I recently witnessed two projects executed within weeks of each other. Both projects were related to the rollout of major technology solutions for significant, well-established corporations.
What was different about the projects were the dynamics between the client and the project team — specifically, the way the client engaged and worked with the project team. One project was successful, and the other was not.
In my opinion, the success as well as the failure was largely because of the dynamics between the client and project team.
I am definitely not implying that any project gone awry is the client’s fault. In fact, I believe it’s the project manager’s primary responsibility to facilitate all points below. But unless the client is willing to observe and adhere to these guidelines, the project is already in jeopardy.
Think about it.
Here is a working list of guidelines that can help clients and other stakeholders work with a project team and deliver a successful project:
1. Be transparent.A good project team realizes there are going to be unique variables and circumstances it will need to address. Be upfront and candid with the project team about the challenges or risks in accomplishing the project goals. It is much more productive to get everything on the table upfront versus waiting for it to be discovered while executing the project.
2. Stay engaged and responsive. One school of thought says a good client stays out of the way of a project team and without too much micromanagement. This can be true to some extent.

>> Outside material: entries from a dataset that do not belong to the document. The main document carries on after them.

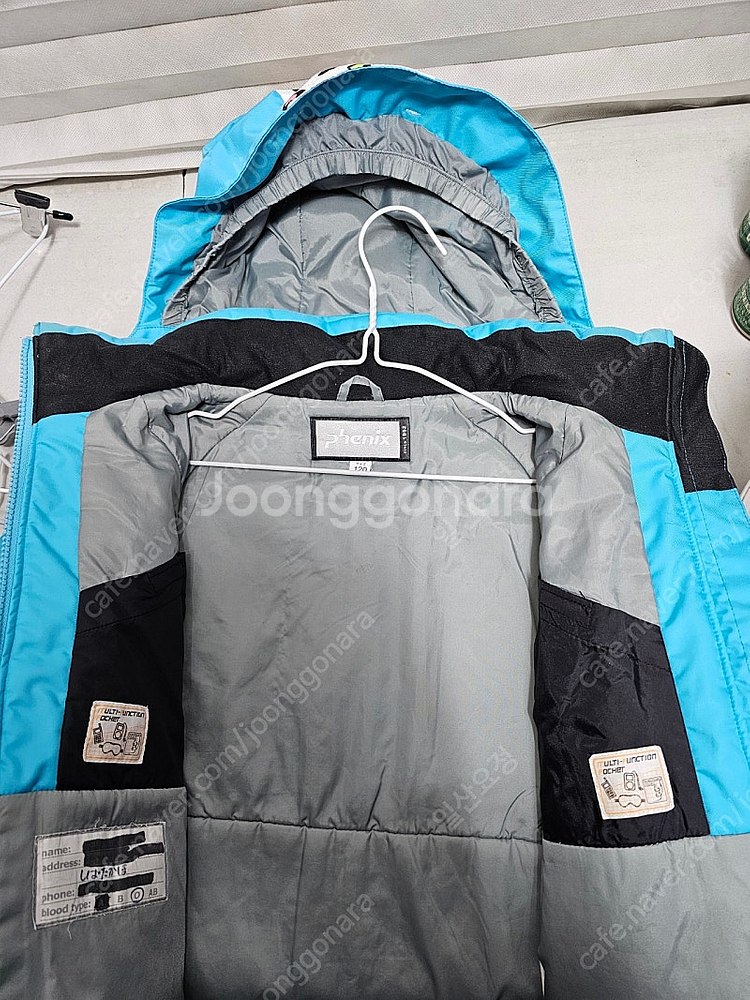 피닉스 키즈 스키복 보드복 사이즈 120--5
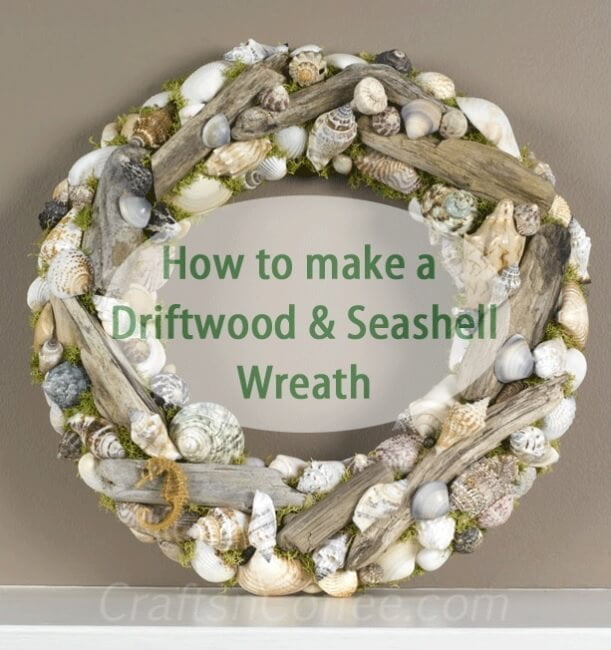 A Welcoming Driftwood and Seashell Wreath
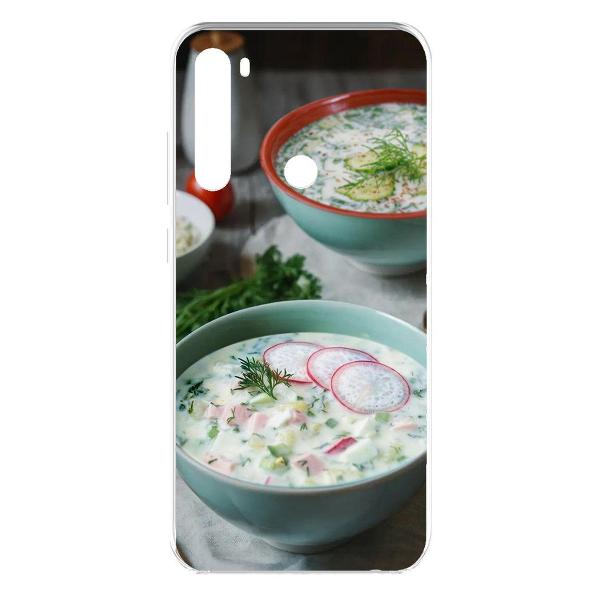 Изображение товара Чехол Krutoff Clear Case для Redmi Note 8 Окрошка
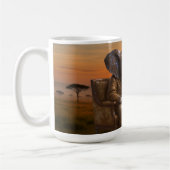 Safari Heer Olifant Koffiemok (Links)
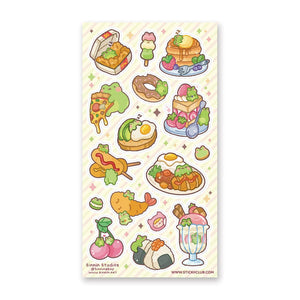 Foodie Frogs Sticker Sheet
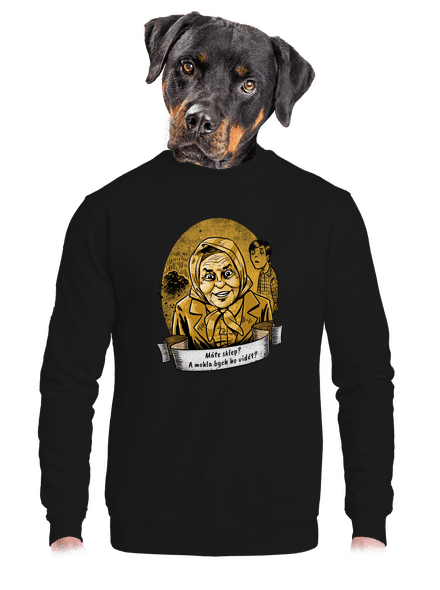 B14: Kulový blesk unisex mikina bez kapuce Black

However, clients must work with the project team to ensure there are open channels of communication. Information or clarification must be provided quickly and concisely, and preferably in writing. Ideally, one or two people on the client side have the knowledge and authority to speak for the entire client team. This is especially important when providing critical input such as requirements, milestone approvals and strategic guidance. Without this representation, the project team has to chase down information, and there is greater risk of them getting it wrong.
The project manager must facilitate these activities and provide the framework in which they occur, but this is a two-way street.
As a client, if you cannot make the time and emotional commitment to communicate, then postpone the project until the time is better. Otherwise, we all risk having to do it over again.
3. Be decisive and time sensitive. Recognize that there are going to be hard decisions to be made in terms of requirements, tradeoffs, budget, timing and resources. If a decision cannot be made on the spot, define a window of time in which you will get back to the team with an answer and respect that commitment. As noted above, if it’s going to take time to get an answer, let the project team know this ahead of time.
4. The laws of physics still apply. As nice as it would be to bend the laws of physics, project teams are not capable of making three-day tasks in just two. Project managers do sometimes pad their timelines to allow for project creep or addressing other unseen emergencies. But recognize that this is done due to experience from previous projects and is an effort to account for the “unseen” challenges that inevitably crop up in your efforts.
Forcing a team to schedule its project activities in exacting increments for the sake of impressing company executives, for example, introduces a risk that some unforeseen event will cause that project to run late. What other guidelines would you add to this list?